Nankai University Team Successfully Develops Highly Accurate Protein Structure Prediction Algorithm

2025-06-16

An important research result entitled “Deep-learning-based single-domain and multidomain protein structure prediction with D-I-TASSER” was published in Nature Biotechnology on May 23 with Professor Zheng Wei from the School of Statistics and Data Science of Nankai University as the first author.

This study developed D-I-TASSER, a protein structure prediction algorithm that integrates deep learning spatial constraints and statistical energy functions, to achieve highly accutare protein structure prediction, surpassing the performance of the AlphaFold3 algorithm. The corresponding authors of the paper are Professor Zhang Yang of the National University of Singapore and Associate Professor Lydia Freddolino of the University of Michigan.

Workflow of the D-I-TASSER algorithm


D-I-TASSER participated in the 15th CASP (Critical Assessment of Protein Structure Prediction) competition. It ranked first in the world in both single-domain protein and multi-domain protein categories by beating more than 80 academic and industrial research groups around the world, including AlphaFold2 and AlphaFold3. This demonstrates its world-leading position in the prediction of complex protein structures.

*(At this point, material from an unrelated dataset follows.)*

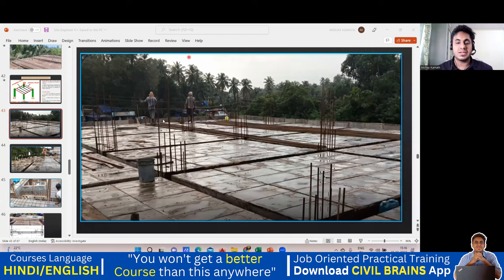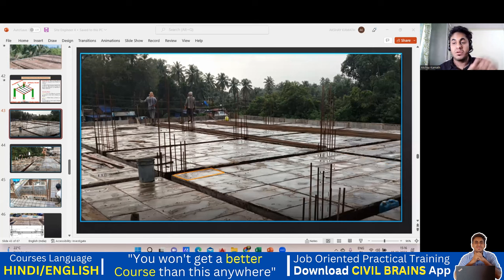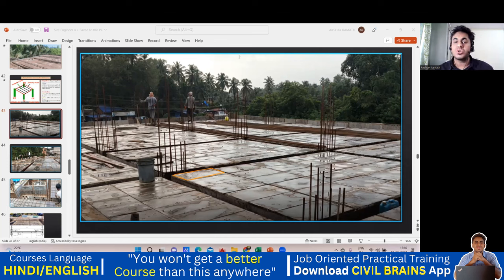Welcome back. In this lecture we will see how to take out the slab centering quantity and the slab concreting quantity. These shuttering plates are placed horizontally for the slab, so we call it centering. For beam, column, and footing it was shuttering because everything was vertical, but here we are placing it horizontal, so we call it slab centering.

D-I-TASSER also performed structural and functional prediction (Gene Ontology term, Enzyme Commission number, and Ligand Binding residues) of proteins in the human proteome. It successfully predicted 80.5% of domain-level protein structures and 72.8% of full-chain protein structures, and accurately predicted 3,020 proteins that were difficult to predict using AlphaFold2, demonstrating its value in compensating the blind spot of structural prediction.


D-I-TASSER performed well in benchmark tests and CASP15 and was successfully applied to predict the structure and functions of the human whole proteome

D-I-TASSER shows good performance in large-scale protein structure prediction, especially in structurally complex and difficult proteins and multi-domain protein predictions, demonstrating a new paradigm that combines deep learning spatial constraints and statistical energy functions. Not only does this method help to understand protein folding and function, but it also results in preliminary progress in antibody screening and optimization, identification of pathogenic genes for rare diseases, prediction of viral infectivity, and structural analysis of auxiliary cryo-EM. The technology is expected to be commercialized through cooperation with relevant research institutions and biomedical enterprises.